The kaftan was such a widespread garment, that already in the sixteenth century Russian cities were specialist-tailors – kaftan-makers (Chechulin, 1889, page 339).  It is necessary to say that any upper garment were generally called kaftans, and later, when the influence of western European costume strengthened, the corresponding “German” garment – zhyustokor – came to be called a kaftan (Moiseenko, 1974, p. 142-145), while the analogue of the zipun, vesta, worn under it – kamzolom.  Short, fitted at the waist kaftans were called sometimes polukaftan’em [half-kaftan] (Gilyarovskaya, 1945, p. 40-42). This difference between long-skirted long-sleeved kaftans and short-skirted lower/under garment – zipun or kamzol – was distinctly indicated still in the 19th century as made clear from the famous fable of I.A. Krylov “Trishkin kaftan” (Krylov, 1956, p. 105). (It makes fun of Trishkin, appearing in kaftan with tattered sleeves, while the short skirts was no better.)

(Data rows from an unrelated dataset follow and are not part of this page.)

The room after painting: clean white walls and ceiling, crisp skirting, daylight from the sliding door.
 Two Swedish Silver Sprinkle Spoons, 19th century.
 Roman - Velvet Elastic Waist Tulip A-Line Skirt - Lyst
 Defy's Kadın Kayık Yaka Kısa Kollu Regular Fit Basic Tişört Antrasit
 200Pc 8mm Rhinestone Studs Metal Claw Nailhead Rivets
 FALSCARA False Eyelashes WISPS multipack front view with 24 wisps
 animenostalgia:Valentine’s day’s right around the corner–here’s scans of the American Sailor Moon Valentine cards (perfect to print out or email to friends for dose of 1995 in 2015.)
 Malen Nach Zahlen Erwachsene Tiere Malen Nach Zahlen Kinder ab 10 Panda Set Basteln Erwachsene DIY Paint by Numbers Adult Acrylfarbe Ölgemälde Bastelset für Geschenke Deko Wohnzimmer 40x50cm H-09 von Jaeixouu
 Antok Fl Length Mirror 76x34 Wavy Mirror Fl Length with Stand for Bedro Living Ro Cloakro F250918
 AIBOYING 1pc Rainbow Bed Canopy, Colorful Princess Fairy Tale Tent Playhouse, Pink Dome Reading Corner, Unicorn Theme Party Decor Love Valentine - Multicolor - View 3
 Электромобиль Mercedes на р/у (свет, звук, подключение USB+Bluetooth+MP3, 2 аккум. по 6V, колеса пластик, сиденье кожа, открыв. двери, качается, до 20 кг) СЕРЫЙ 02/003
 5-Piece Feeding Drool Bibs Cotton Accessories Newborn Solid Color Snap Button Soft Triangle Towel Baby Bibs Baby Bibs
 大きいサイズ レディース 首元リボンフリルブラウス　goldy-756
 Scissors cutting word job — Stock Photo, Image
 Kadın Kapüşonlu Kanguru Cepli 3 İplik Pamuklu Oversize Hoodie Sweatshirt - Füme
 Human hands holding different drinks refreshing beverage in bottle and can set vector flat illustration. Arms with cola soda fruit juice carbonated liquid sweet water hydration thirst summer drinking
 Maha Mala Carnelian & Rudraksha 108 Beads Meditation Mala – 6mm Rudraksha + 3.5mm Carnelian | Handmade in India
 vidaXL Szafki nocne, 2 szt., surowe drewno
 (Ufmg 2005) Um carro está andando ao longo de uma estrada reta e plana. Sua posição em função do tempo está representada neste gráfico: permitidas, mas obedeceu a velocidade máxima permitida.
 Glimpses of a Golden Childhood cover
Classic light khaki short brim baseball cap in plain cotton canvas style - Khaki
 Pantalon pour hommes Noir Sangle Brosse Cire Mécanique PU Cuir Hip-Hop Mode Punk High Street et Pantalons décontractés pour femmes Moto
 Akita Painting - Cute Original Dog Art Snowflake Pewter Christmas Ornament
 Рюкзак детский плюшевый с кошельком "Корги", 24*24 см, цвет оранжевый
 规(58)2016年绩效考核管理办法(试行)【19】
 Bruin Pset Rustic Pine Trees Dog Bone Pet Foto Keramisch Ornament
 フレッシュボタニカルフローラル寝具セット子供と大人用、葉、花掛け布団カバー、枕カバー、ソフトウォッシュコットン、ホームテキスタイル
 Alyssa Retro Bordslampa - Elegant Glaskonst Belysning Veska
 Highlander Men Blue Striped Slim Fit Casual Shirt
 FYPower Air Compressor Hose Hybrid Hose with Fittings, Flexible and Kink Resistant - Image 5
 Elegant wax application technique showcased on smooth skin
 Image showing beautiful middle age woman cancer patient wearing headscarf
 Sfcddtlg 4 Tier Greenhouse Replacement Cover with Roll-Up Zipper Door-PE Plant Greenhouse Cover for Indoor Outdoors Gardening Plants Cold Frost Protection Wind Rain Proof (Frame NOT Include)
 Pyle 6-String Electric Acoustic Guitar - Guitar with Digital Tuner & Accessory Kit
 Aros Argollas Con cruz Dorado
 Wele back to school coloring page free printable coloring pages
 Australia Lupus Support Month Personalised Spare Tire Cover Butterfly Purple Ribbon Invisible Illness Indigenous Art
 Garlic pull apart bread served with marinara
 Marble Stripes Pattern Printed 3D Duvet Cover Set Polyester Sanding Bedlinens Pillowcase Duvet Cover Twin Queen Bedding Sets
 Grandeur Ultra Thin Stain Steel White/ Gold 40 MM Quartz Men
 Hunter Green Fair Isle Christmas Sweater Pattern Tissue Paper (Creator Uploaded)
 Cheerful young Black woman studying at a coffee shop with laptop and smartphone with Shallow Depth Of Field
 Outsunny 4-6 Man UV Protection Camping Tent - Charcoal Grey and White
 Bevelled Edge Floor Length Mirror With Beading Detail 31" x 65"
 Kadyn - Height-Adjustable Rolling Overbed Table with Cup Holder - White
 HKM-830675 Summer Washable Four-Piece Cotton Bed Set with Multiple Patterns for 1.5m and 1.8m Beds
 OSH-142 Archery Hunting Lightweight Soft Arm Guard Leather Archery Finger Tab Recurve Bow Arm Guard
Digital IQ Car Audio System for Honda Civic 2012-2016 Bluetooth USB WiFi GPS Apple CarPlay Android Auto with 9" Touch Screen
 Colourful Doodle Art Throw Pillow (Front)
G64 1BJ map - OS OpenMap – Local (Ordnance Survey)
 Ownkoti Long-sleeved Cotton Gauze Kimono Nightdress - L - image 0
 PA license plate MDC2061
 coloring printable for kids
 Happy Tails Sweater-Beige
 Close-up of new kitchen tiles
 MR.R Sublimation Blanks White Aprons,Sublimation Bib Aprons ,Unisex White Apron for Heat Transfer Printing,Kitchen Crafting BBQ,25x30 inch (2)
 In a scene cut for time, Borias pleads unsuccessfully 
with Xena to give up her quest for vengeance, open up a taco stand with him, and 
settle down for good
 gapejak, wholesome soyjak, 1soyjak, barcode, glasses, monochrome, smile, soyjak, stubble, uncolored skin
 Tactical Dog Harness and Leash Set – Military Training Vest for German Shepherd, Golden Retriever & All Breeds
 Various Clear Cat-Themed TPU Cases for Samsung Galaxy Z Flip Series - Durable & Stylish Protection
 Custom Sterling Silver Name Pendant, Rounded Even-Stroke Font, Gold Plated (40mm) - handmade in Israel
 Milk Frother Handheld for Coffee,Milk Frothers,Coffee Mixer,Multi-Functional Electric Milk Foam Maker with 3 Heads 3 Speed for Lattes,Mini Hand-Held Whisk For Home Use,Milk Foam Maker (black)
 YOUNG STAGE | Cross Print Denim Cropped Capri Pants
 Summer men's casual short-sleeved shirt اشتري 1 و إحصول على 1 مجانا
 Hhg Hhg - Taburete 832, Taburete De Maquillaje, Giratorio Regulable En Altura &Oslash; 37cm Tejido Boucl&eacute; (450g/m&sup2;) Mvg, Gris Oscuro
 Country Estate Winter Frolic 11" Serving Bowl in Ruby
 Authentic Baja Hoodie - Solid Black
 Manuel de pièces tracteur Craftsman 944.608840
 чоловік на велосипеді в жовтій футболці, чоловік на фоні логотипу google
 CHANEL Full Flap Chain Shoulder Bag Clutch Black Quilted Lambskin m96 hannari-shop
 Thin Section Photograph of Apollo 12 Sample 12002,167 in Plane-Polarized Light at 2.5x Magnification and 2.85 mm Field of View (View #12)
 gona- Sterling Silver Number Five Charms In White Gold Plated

The kaftan was a necessary part of the clothing of poor people and wealthy and, depending on the intended use, could be made of luxurious material on valuable furs or from the simple sermyaga [homespun wool twill] on sheepskin. In wealthy property were many kaftans. Thus, among the property of prince Yu.A. Obolenskij, in the middle of the 16th century were named five kaftans: “Kaftan on pupkakh [navel] sable, colored sash with gold, 9 buttons, kaftan greene on white cherevyakh [belly fur]… kaftan damask… slanting collar, lined with taffeta, Turkish kaftan 10 buttons of silver… kaftan with slanted collar…” (AFZIKh, II, p. 207-211). In the year 1680, from the house of landowner A. Aristov (from Whiryaevo Moromskij u.) were, among other property stolen, eight kaftans: “Kaftan kindyashonj [red or printed cotton fabric], buttons silver vol’yashnye [?] (obviously, belonging to nobleman himself. – M. R.), and two valuable childrens kaftans, buttons silver… four kaftans of sheepskin” (possibly, the house-serfs) (AYuB, III, No 329, stb. 270-272).  At the end of the 18th century, in the description of one rich dowry (city of Rostov) were enumerated ten kaftans – brocade on fox, Turkish with golden stripes [nashivka], green satin light/cool kaftan, brocade silk, remaining a bit simpler-two new sheepskin, two broadcloth, two bright red cotton warm “childrens” (AYuB., III, No 328 – V, stb. 267-269).  It is interesting that in the list was given children’s kaftans. They, as in previous cases, were not especially rich.  In peasant families were “ two kaftans broadcloth, shubka borlovaya [spotted cotton fabric?] women’s” (T. Vor. UAK, V, No 8701/2478, p. 652).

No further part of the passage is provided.